I've never believed in the Loch Ness Monster, or Bigfoot, or the Bermuda Triangle.  I find it difficult to believe in anything that the Weekly World News reports as factual, simply because they were Photoshopping things before Photoshop became mainstream.  Truth is something so rare these days, that any source of it must be kept as pure as possible.  Which leads almost directly into...

I have no problems believing six impossible things before breakfast.  I find it a useful exercise in keeping my mind active, limber, and in perspective.  I also believe in creating moments of small social awkwardness, at mostly appropriate times, just to keep oneself - and the general public - from sleepwalking through life.  I recall the phrase from "Standing Outside a Broken Phone Booth With Money in My Pocket," from the one hit wonders Primitive Radio Gods: "If I die before I learn to speak/Can money pay for all the days I lived awake/But half asleep?"  The particular phrase "awake but half asleep" resonated within me from the very first time I heard it fourteen years ago.  Looking around at the world, I see so many people like that: numbly walking through life, keeping their head down, surviving from day to day.  There are so few that want to celebrate their lives, let alone enjoy the mess that life is.

Because that's exactly what life is: messy.  It's not neat.  No nice little containers, no labels that are truly accurate.  Magritte illustrated this point brilliantly in his painting The Treachery of Images: nothing is what you call it.  No matter what you define, there is going to be someone who sees it differently.  (Give me your trolls, your huddled masses yearning to speak freely....)  And yet, we humans keep on making order, attempting to communicate with each other, urgently trying to make the world make sense.

But yet, in this order we create, we must guard against becoming prejudiced against those things that don't fit into our nice, neat little existence.  Tragedy, new experiences, unexpected happenstances, even God Himself - these are just a few of the people and instances which people can't deal with because they don't have a frame of reference for such things.  And this lack of reference becomes a box through which creativity becomes stifled. Creativity block is another term for inability to see through one's own short-falling blindness: while I understand what it is, I dismiss it as casually as I do Bigfoot.  It's something that can be overcome, simply by opening up a little more.

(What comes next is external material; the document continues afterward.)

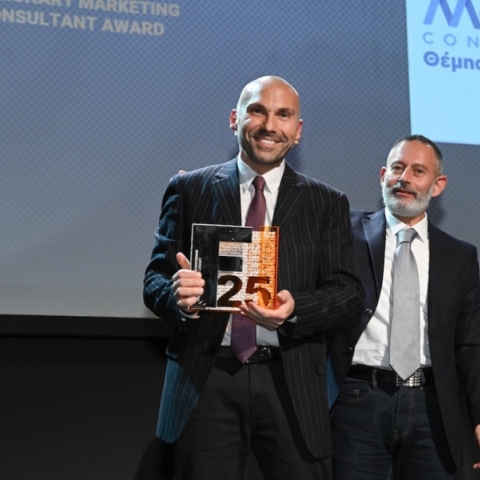 «Νέα Διάκριση για το σύμβουλο μάρκετινγκ Θέμη Σαρανταένα: Visionary Marketing Consultant Award 2025»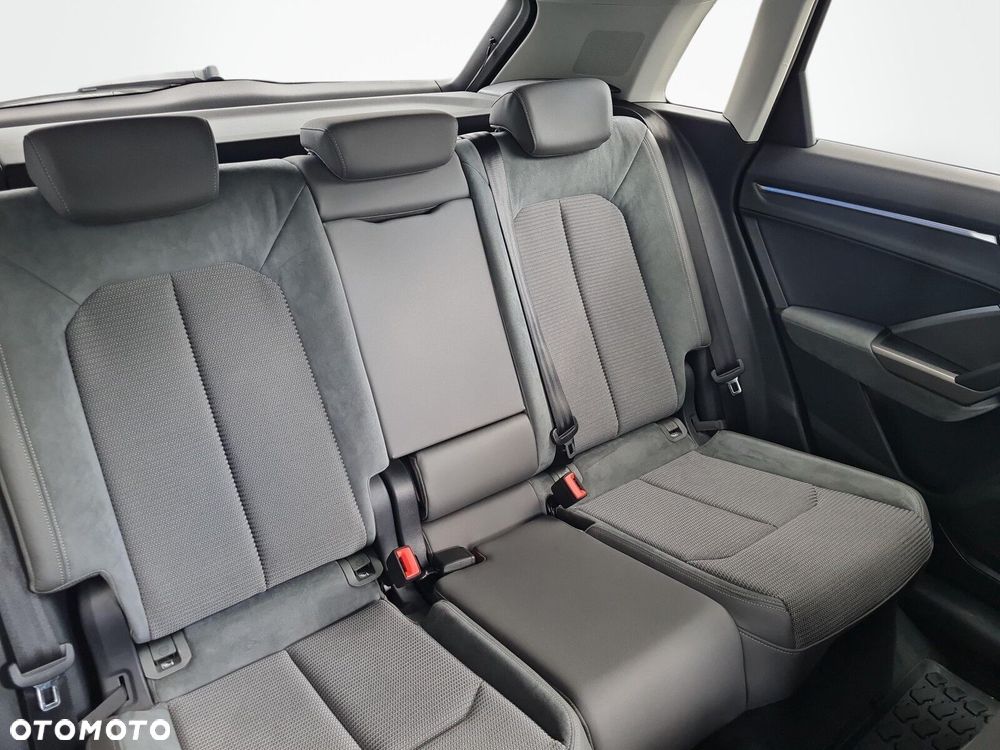 Audi Q3 35 TFSI mHEV S-Line S tronic - 34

I suppose that, were I to sum up, I'd say three things:
1)   You do not talk about Fight Club. (My blog - and I prefer three talking points to two).
2)  Trolls are welcome here.  I respect your right to remain anonymous; flames are welcome, but spam never is.  However, if you troll often enough, I reserve the right to ask more about you.
3)  Just because you can't define it, doesn't mean it doesn't exist.  Just because you can define it, it doesn't mean it exists.